7. When Aggregations Aren't Worth It¶
Non-contiguous keys (sort first, paying O(n log n)); truly random access (materialise).
8. Pre-Core Quiz¶
- Window aux space? → O(w).
- Groupby needs contiguous keys? → Yes — guard or sort.
- Chunking slices per chunk? → Exactly one.
- Coverage with overlap? → Perfect under emit_short/pad.
- Demand for n windows? → ≤ n + (w-1).
9. Post-Core Reflection & Exercise¶
Reflect: Find any remaining list-building aggregation in your codebase — it is now obsolete.
Project Exercise: Add overlap=128 and tail_policy="emit_short" to your RAG env. Verify perfect reconstruction on a sample abstract and that memory stays flat on the 10k dataset.

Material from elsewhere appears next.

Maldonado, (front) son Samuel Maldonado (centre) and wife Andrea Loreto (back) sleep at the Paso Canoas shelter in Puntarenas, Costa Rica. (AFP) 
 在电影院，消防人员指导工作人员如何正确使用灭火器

Next: M03C05 – Infinite & Unbounded Sequences. (Builds on this.)
Repository Alignment¶
- Implementation:
module-03/funcpipe-rag-03/src/funcpipe_rag/api/core.py::gen_overlapping_chunks,sliding_windows,gen_grouped_chunks. - Tests:
module-03/funcpipe-rag-03/tests/test_module_03.py::test_overlapping_coverage,::test_sliding_demand.
itertools Decision Table – Use This¶
| Tool | Use When | Memory | Pitfall | Safe? |
|---|---|---|---|---|
| chain | Concat many iterables | O(1) | None | Yes |
| groupby | Group contiguous equal items | O(1) | Must sort first if not contiguous | Yes |
| tee | Multiple consumers of same iterator | O(skew) | Unbounded skew → memory explosion | Careful |
| islice | Skip/take without consuming | O(1) | None | Yes |
| accumulate | Running totals/reductions | O(n) | Default op is + | Yes |
| compress | Filter by boolean mask | O(1) | None | Yes |
Further Reading: For the deepest itertools mastery, see the official docs and Dan Bader’s ‘Python Tricks’ chapter on iterators.
You now own the most powerful lazy streaming toolkit in Python. Module 4 will show you how to make even failure and resource cleanup lazy and pure.